**Data in this exercise**
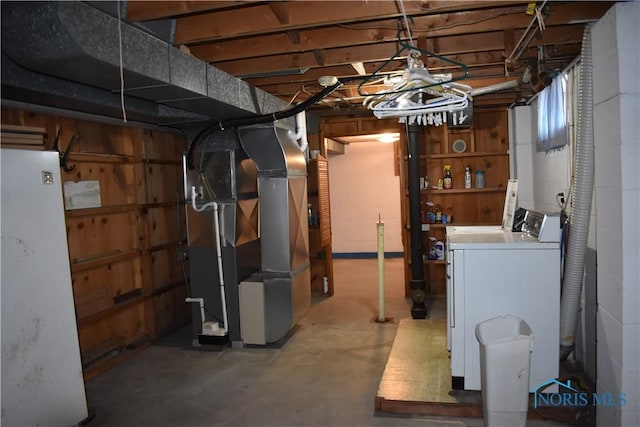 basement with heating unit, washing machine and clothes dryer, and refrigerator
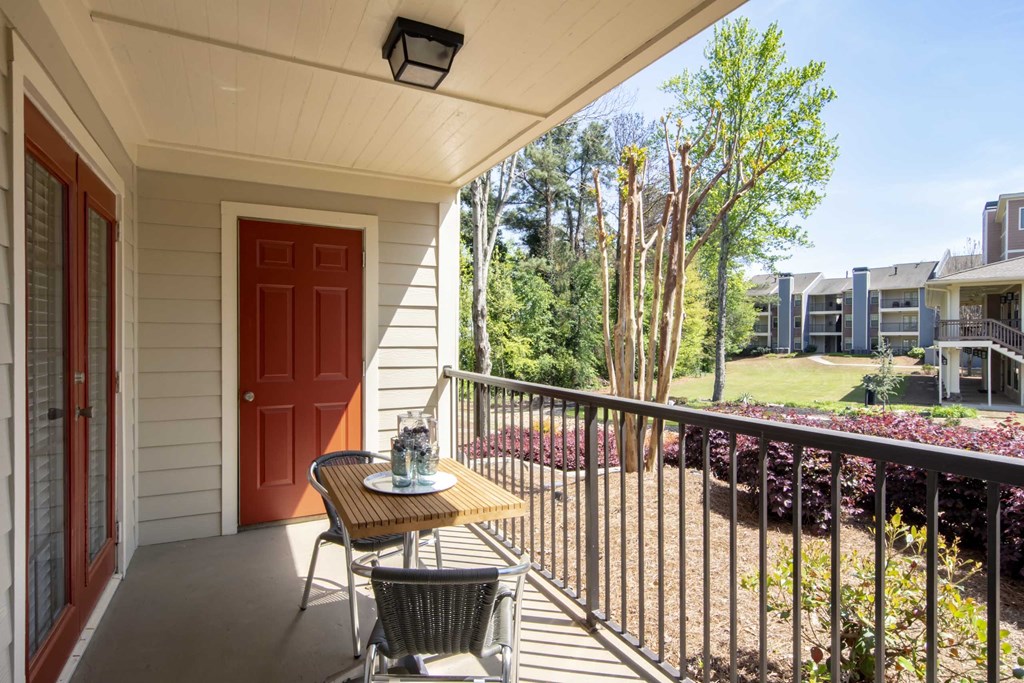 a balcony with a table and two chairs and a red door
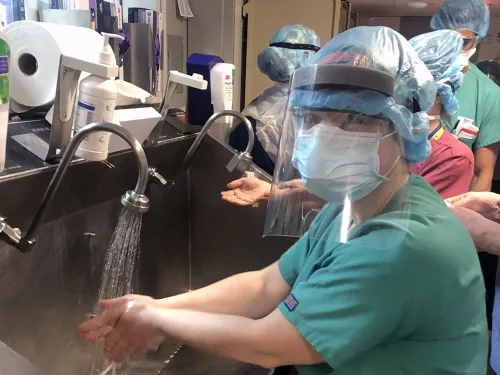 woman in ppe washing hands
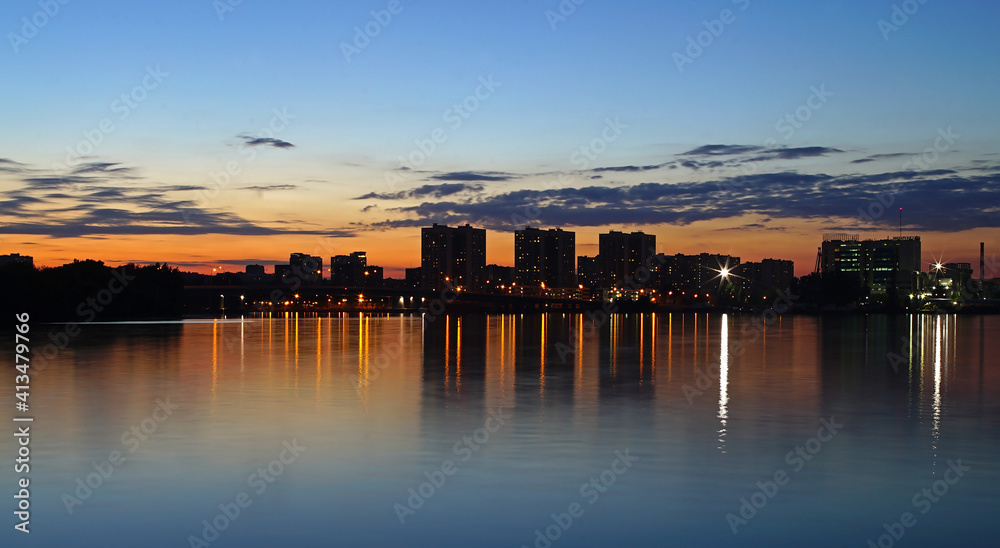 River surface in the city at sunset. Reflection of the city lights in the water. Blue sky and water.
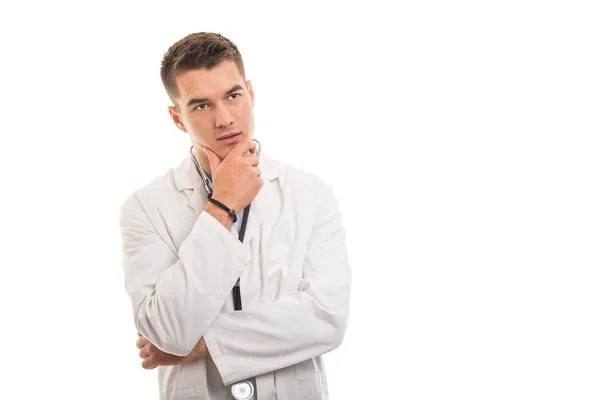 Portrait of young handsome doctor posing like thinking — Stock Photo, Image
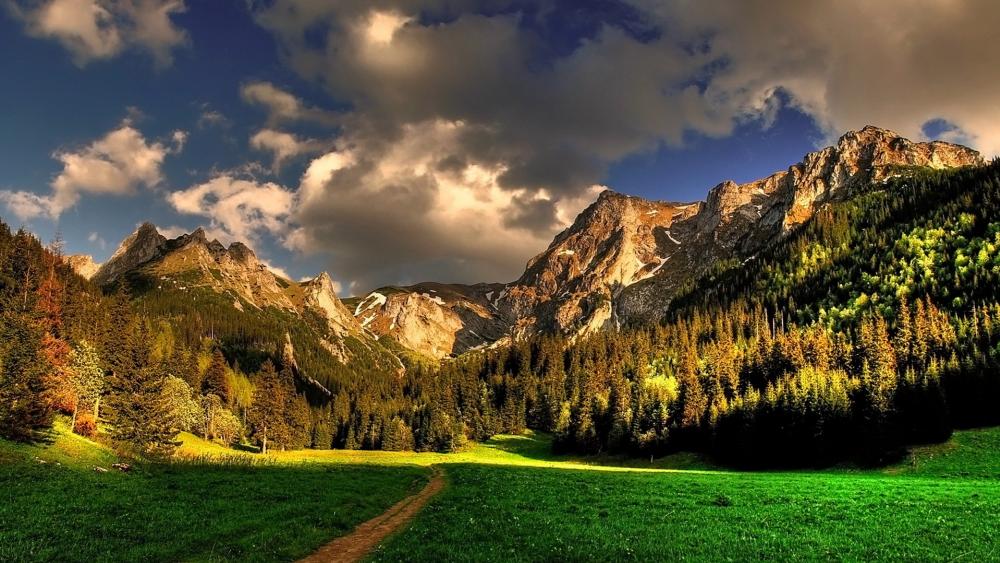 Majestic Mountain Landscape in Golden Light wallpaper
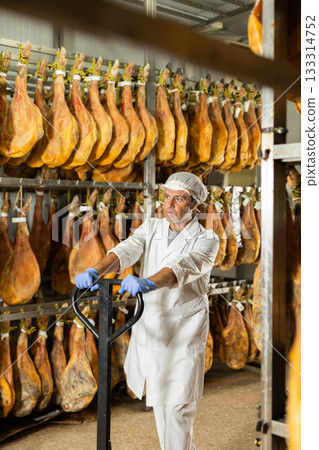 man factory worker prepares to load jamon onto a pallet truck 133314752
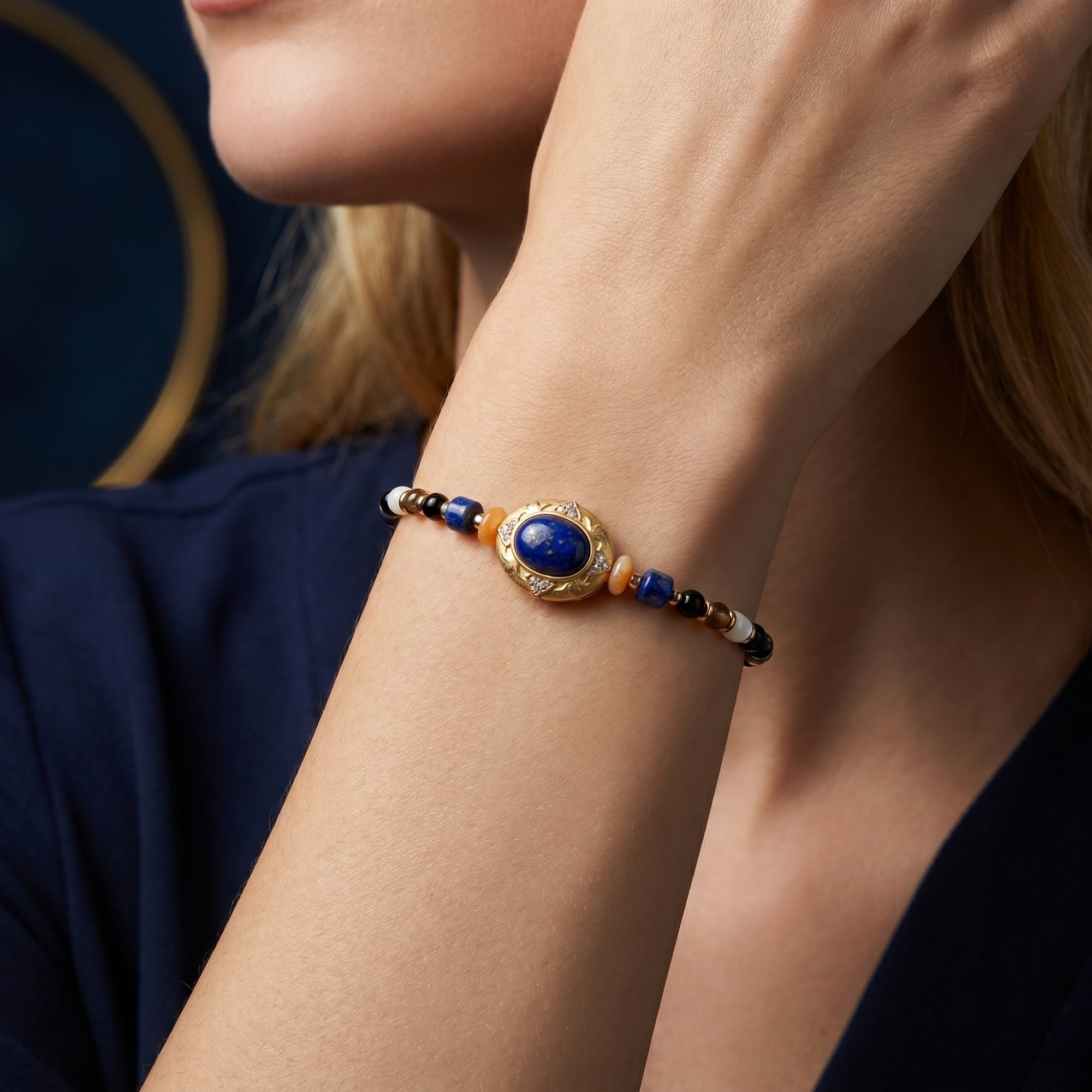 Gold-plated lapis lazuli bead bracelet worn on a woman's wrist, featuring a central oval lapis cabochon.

**Task prompt**
Pictures are to be left out; everything else in the records gets retyped exactly.

**Written response**
 basement with heating unit, washing machine and clothes dryer, and refrigerator
 a balcony with a table and two chairs and a red door
 woman in ppe washing hands
 River surface in the city at sunset. Reflection of the city lights in the water. Blue sky and water.
 Portrait of young handsome doctor posing like thinking — Stock Photo, Image
 Majestic Mountain Landscape in Golden Light wallpaper
 man factory worker prepares to load jamon onto a pallet truck 133314752
 Gold-plated lapis lazuli bead bracelet worn on a woman's wrist, featuring a central oval lapis cabochon.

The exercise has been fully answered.